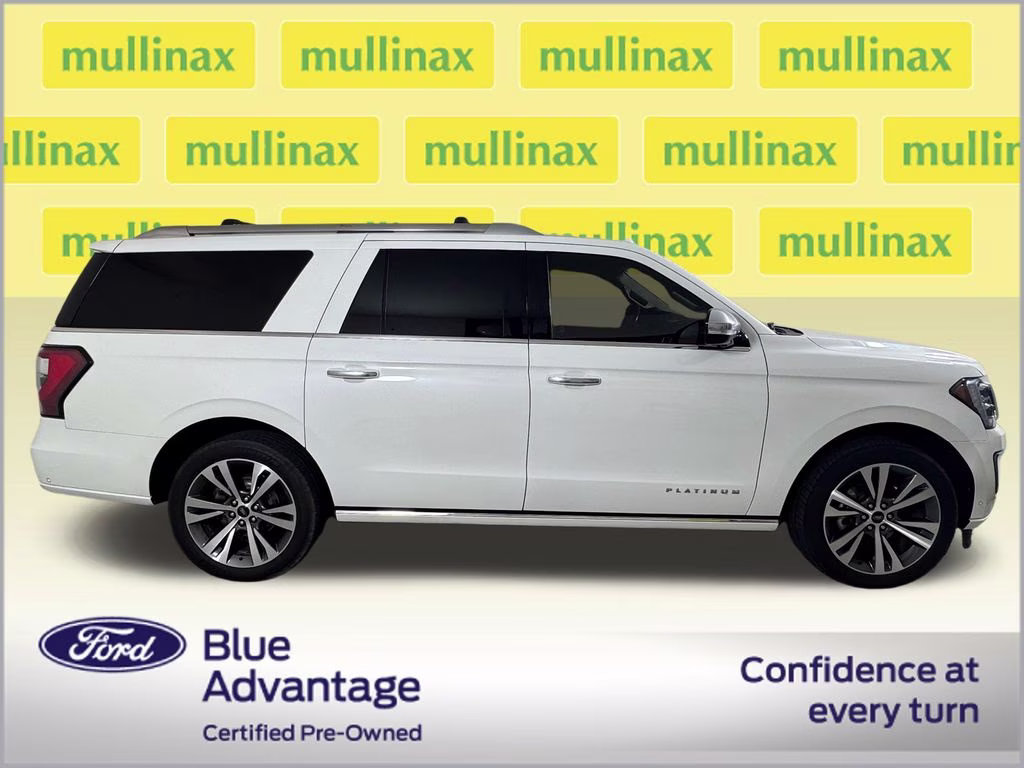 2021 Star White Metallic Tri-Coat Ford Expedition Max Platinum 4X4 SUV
==
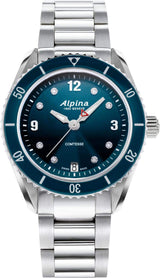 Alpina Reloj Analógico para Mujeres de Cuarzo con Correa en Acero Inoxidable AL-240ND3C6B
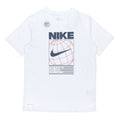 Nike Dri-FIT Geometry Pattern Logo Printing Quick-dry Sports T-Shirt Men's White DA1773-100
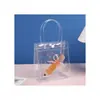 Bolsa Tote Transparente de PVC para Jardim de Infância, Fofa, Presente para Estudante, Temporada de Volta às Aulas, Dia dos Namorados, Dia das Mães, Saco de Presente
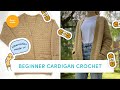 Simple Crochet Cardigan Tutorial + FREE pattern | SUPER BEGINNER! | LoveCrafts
--
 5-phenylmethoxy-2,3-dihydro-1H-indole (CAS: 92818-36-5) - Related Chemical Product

◆ **What is needed**: Copy only these lines from the records above, exactly: the one with "Bolsa Tote Transparente", the one with "Simple Crochet Cardigan", and those between. Skip the pictures.

◆ **Answer to the problem**:
 Bolsa Tote Transparente de PVC para Jardim de Infância, Fofa, Presente para Estudante, Temporada de Volta às Aulas, Dia dos Namorados, Dia das Mães, Saco de Presente
 Simple Crochet Cardigan Tutorial + FREE pattern | SUPER BEGINNER! | LoveCrafts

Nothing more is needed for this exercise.